● **Problem description**:
Leave out all lines before the one containing "Washable 6ft Circle", and copy that line and all the rest below it exactly.

● **Study material**:
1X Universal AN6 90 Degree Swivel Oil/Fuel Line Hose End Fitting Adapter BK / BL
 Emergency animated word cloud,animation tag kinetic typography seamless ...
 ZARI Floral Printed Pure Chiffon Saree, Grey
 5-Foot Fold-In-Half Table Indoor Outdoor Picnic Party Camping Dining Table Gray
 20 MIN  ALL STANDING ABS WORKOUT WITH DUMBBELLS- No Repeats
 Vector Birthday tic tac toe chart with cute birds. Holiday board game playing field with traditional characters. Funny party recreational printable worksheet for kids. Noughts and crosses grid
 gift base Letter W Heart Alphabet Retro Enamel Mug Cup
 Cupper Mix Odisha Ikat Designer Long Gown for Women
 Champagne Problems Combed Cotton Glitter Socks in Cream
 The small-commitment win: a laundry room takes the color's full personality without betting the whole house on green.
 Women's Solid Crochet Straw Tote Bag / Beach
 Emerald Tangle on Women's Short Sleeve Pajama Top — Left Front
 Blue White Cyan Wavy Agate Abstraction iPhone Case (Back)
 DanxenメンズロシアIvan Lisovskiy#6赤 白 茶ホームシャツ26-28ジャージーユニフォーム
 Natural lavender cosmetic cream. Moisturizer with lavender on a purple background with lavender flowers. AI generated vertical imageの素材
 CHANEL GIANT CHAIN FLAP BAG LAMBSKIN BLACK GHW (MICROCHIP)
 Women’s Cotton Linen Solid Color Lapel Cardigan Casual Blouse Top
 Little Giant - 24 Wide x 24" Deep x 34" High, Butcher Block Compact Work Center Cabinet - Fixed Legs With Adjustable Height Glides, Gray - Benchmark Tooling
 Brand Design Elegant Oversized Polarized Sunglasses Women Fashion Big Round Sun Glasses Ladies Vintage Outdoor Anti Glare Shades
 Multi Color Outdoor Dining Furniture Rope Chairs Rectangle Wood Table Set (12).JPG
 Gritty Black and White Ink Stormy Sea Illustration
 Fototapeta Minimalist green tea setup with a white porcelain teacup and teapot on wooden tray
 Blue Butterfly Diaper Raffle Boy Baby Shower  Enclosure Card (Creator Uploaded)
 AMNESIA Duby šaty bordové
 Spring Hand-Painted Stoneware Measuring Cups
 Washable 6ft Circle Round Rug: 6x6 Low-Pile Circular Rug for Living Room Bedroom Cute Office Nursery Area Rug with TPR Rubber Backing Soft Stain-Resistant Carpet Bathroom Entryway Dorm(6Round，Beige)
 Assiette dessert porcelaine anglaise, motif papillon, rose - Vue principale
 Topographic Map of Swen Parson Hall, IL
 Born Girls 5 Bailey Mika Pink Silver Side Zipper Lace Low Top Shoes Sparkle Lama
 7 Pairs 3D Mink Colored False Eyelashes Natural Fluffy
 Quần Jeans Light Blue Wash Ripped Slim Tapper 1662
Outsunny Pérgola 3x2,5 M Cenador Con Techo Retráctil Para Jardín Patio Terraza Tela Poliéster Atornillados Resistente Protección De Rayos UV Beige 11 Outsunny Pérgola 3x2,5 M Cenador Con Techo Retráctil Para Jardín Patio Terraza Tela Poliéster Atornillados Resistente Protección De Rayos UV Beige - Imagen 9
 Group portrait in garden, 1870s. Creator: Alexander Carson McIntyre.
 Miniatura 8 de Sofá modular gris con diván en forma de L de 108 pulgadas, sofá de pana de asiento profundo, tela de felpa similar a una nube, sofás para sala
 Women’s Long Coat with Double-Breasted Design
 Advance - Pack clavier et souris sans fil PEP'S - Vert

● **Solution to this problem**:
 Washable 6ft Circle Round Rug: 6x6 Low-Pile Circular Rug for Living Room Bedroom Cute Office Nursery Area Rug with TPR Rubber Backing Soft Stain-Resistant Carpet Bathroom Entryway Dorm(6Round，Beige)
 Assiette dessert porcelaine anglaise, motif papillon, rose - Vue principale
 Topographic Map of Swen Parson Hall, IL
 Born Girls 5 Bailey Mika Pink Silver Side Zipper Lace Low Top Shoes Sparkle Lama
 7 Pairs 3D Mink Colored False Eyelashes Natural Fluffy
 Quần Jeans Light Blue Wash Ripped Slim Tapper 1662
Outsunny Pérgola 3x2,5 M Cenador Con Techo Retráctil Para Jardín Patio Terraza Tela Poliéster Atornillados Resistente Protección De Rayos UV Beige 11 Outsunny Pérgola 3x2,5 M Cenador Con Techo Retráctil Para Jardín Patio Terraza Tela Poliéster Atornillados Resistente Protección De Rayos UV Beige - Imagen 9
 Group portrait in garden, 1870s. Creator: Alexander Carson McIntyre.
 Miniatura 8 de Sofá modular gris con diván en forma de L de 108 pulgadas, sofá de pana de asiento profundo, tela de felpa similar a una nube, sofás para sala
 Women’s Long Coat with Double-Breasted Design
 Advance - Pack clavier et souris sans fil PEP'S - Vert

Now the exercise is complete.